◆ **TASK TO COMPLETE**
Among the lines of data below, reproduce only those from the one with "83 Spenvalley Drive, Toronto, Ontario" through the one with "NIESSEN T2425-AN 2CLA242500T1801", exactly as they stand, both ends included.

◆ **DATASET CONTENT**
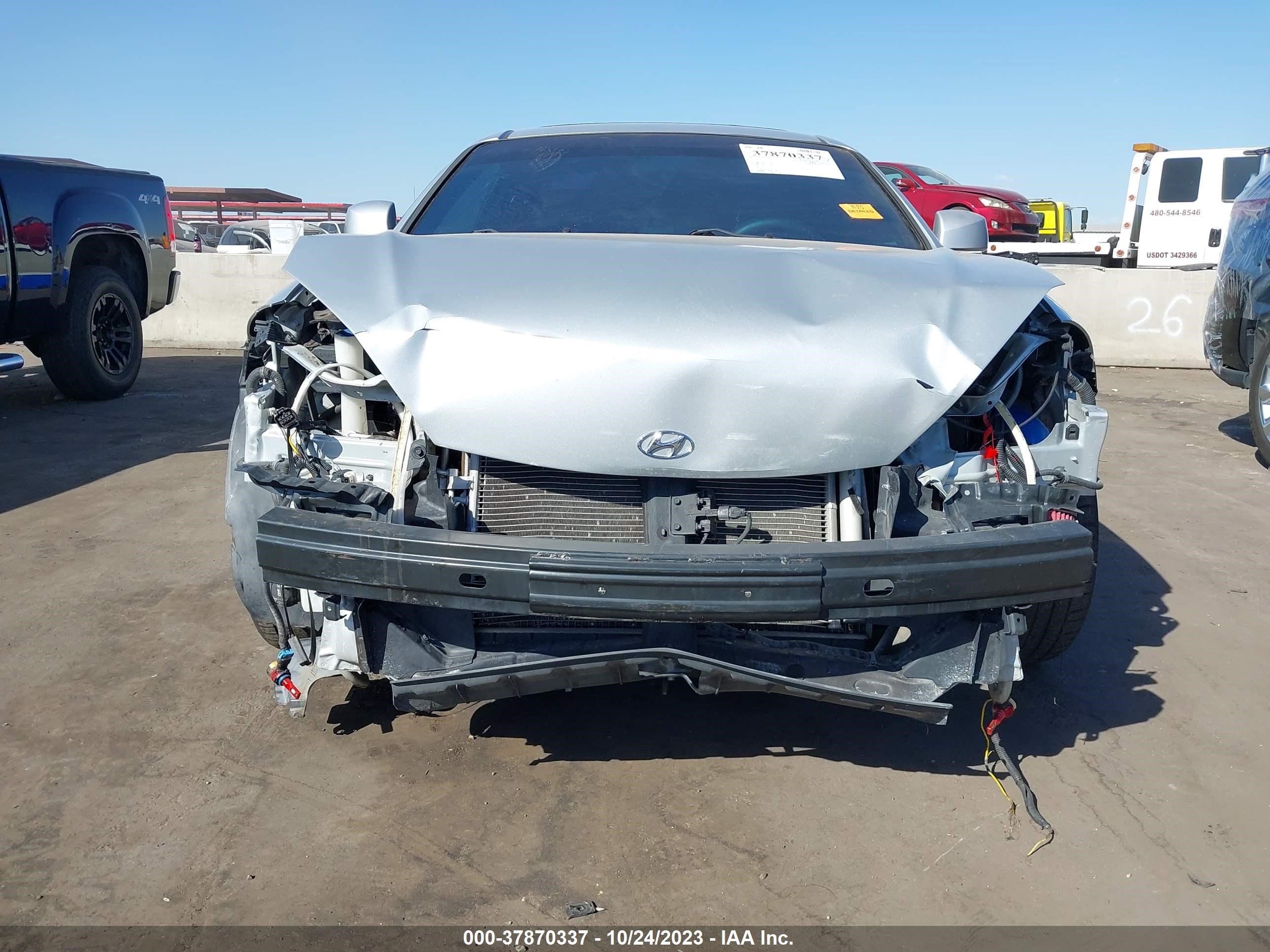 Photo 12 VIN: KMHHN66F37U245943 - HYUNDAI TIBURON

--

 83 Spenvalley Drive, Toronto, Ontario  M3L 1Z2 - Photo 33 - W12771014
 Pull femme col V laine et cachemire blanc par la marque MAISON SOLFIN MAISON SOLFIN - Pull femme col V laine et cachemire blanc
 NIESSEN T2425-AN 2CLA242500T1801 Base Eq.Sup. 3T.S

◆ **ANSWER BOX**
 83 Spenvalley Drive, Toronto, Ontario  M3L 1Z2 - Photo 33 - W12771014
 Pull femme col V laine et cachemire blanc par la marque MAISON SOLFIN MAISON SOLFIN - Pull femme col V laine et cachemire blanc
 NIESSEN T2425-AN 2CLA242500T1801 Base Eq.Sup. 3T.S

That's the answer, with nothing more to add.